Le marché de l’emploi français ne décroche pas. Pas encore. Avec 2,3 millions de projets de recrutement attendus en 2026, le niveau reste élevé. Suffisamment pour entretenir l’idée d’une économie résiliente, capable d’absorber les chocs successifs — inflation, tensions énergétiques, ralentissement mondial. Mais ce diagnostic est trompeur. Car en matière d’emploi, le point d’inflexion ne se lit jamais dans le stock, mais dans le flux. Et ce flux, lui, s’érode : les intentions d’embauche reculent de 6,5 %, selon France Travail. C’est peu. C’est déjà beaucoup. Dans un cycle économique, ce type de variation marque rarement un simple ajustement. Il signale une transition.
Le marché du travail ne se dégrade pas encore. Il change de régime.

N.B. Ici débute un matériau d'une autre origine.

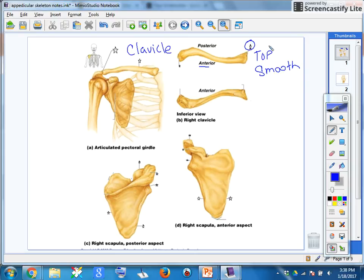This right here connects to the sternum, so this would be the medial edge. This here is the lateral edge, and you'll notice that it points toward the front of your body.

Ralentissement des recrutements : le début d’un ajustement structurel
Le signal est clair, mais il faut le lire correctement avec une inflation persistante qui comprime les marges, un coût du capital durablement élevé et une visibilité économique dégradée. A ce stade les entreprises arbitrent, elles ralentissent leurs investissements, puis leurs embauches. Et dans l’ordre, les grandes structures ouvrent la marche, avec une chute de -12,8 % des intentions de recrutement dans les entreprises de plus de 200 salariés. Rien d’anecdotique ici. C’est une logique de cycle parfaitement classique. Les grands groupes ajustent en amont. Les PME suivent. Le marché de l’emploi réagit en différé. Dans ce contexte, un fait mérite d’être isolé : deux recrutements sur trois sont aujourd’hui portés par les TPE-PME. Autrement dit, la dynamique de l’emploi repose désormais sur les acteurs les plus sensibles au crédit, les plus exposés à l’inflation et aussi les plus vulnérables en cas de retournement. C’est un déséquilibre structurel. Nous l’avions déjà analysé dans notre décryptage de la fragilité des petites entreprises : » TPE-PME : après l’année noire de 2025, les dirigeants entrevoient enfin de l’espoir « . À ce stade, le marché ne casse pas. Mais il repose sur un socle de plus en plus étroit.
Tensions de recrutement : une amélioration trompeuse, une fracture qui s’installe
Autre indicateur souvent mal interprété : la baisse des tensions de recrutement, désormais à 43,8 % des projets (-6,3 points sur un an). Là encore, la lecture rapide est rassurante. La lecture économique l’est beaucoup moins. Car ce recul ne traduit pas un meilleur appariement entre offre et demande de travail.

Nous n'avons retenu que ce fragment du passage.